As the double-dealing Hotham, Mark Addy gives a star turn, brimming with Northern bluster and human failings, like a Tory jumping ship from Leave to Remain and back again. This is One Man, Two Guvnors in period costume. Caroline Quentin is his cooler-headed wife (the latest in a long line) but nonetheless funny. Sarah Middleton is a scream as their daughter, Frances, a giddy, histrionic young girl tearing around and even rolling into the laps of the front row. In contrast, her brother Durand (Pierro Niel-Mee) is straight-laced and academic – until his own ardour is aroused, of course.

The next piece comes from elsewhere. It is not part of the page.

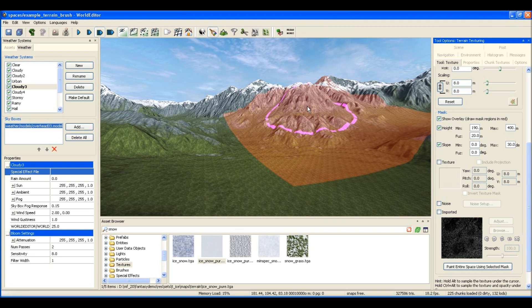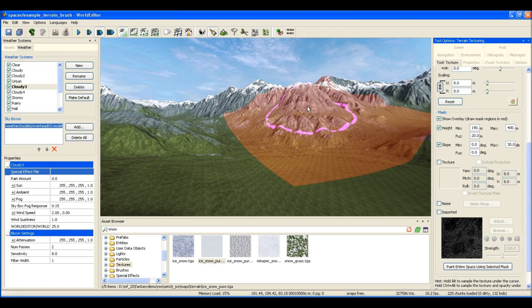Now I could place that all by pressing the button - the place texture with mask over entire terrain - but instead I'm going to paint by hand just to show you a different way of doing it.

Canny servant Connie (Laura Elsworthy) and decrepit old pantaloon Drudge (an unrecognisable Danielle Bird) complete the household, embodying dry wit and physical clowning respectively.
There is a double act of young suitors in the shape of James, Duke of York (Jordan Metcalfe) and Prince Rupert of the Rhein (Rowan Polonski) who, for reasons of plot, dress as lady fishmongers. Both Metcalfe and Polonski are appealing presences and very funny. Also good fun is Ben Goffe as King Charles himself, mounted on a hobby horse – Goffe also makes an impression as the ghostly figure of a young girl murdered for breaking a vase.
Bean populates his five-act comedy with stock characters, making a farce of historical events and peppering the dialogue with sharp relevance. Hypocrites who seek to further their own ends at the expense of integrity – they should meet Hotham’s fate! The religious and the spiritual also come in for a lambasting. The puritanical Pelham (Neil D’Souza) and the hedonist Saltmarsh (Matt Sutton) are held up as excessive figures – the comedy arises from the exposure of weakness and appetites common to humans and both celebrates and mocks our foibles.
Director Phillip Breen pays attention to fine detail as well as broad comic playing. At times the action is chaotic – or seemingly so, as choreographed chases and fights break out. The acts are separated by rousing songs (by Grant Olding) performed live and on stage. Phill Ward is in excellent voice with his stirring agit-prop anthems that bring to mind the songs of recent folk-rock group The Levellers.
The show is consistently funny in a theatrically traditional way but it is more than a farcical reconstruction; it speaks to us directly. We are today in a divided country. We are caught up in epoch-changing political events – we can only hope that, unlike Hotham, we don’t lose our heads about it.